London - A doctor from India Friday became the first person
to be sentenced in Britain in connection with the attempted car
bombing of Glasgow airport in Scotland last June.
Sabeel Ahmed, the brother of one of the bombers, was sentenced to
18 months at the Old Bailey Criminal Court in London, but walked free
as the time he had already spent in pre-trial detention was taken
into account.
The 26-year-old, who had earlier admitted withholding information
relating to the attack, would be voluntarily repatriated to India,
the court ruled.
His brother Kafeel Ahmed, who drove a blazing jeep at the main
entrance of Glasgow airport on June 30, 2007, died of his severe
injuries five weeks later.
The court heard that Sabeel Ahmed, who is from Bangalore, received
a telephone text message alerting him to an e-mail from his brother
in which a reference was made to the impending attack.
In it, Kafeel Ahmed said: 'This is the project that I was working
on for some time now. Everything else was a lie. I sincerely
apologize and pray that you forgive me for keeping this from you. It
was for your safety and for the sake of the project.'
Furthermore, Kafeel Ahmed asked his brother to protect him by
telling the police that he was working on a global warming project in
Iceland.
'If they can't figure out who it was, then keep me alive as long
as possible,' the e-mail read, according to details released by the
court.
But Sabeel Ahmed, who was working as a doctor in Liverpool at the
time, only opened his e-mail account after the attack, the court
heard. He did not tell the police about the information immediately
after his arrest.
A court commentator said the relative leniency of the sentence,
and Sabeel Ahmed's immediate release Friday to enable him to return
to India, showed that the judges were convinced that the accused did
not know about the terror plan in advance.

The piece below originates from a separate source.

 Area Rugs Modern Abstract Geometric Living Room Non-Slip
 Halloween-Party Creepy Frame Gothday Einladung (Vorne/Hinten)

'I accept that so far as you personally were concerned there is no
sign of your being an extremist or party to extremist views,' the
presiding judge said.
However, he ruled that Sabeel Ahmed had agreed to tell the police
his brother's cover story.
A day before the Glasgow attack, police in London were able to
prevent the car bombing of a packed nightclub that has been linked by
prosecutors to the attempted airport bombing.
Two of his accomplices, Bilal Abdullah, and Mohammed Asha, also
doctors, face trial later this year.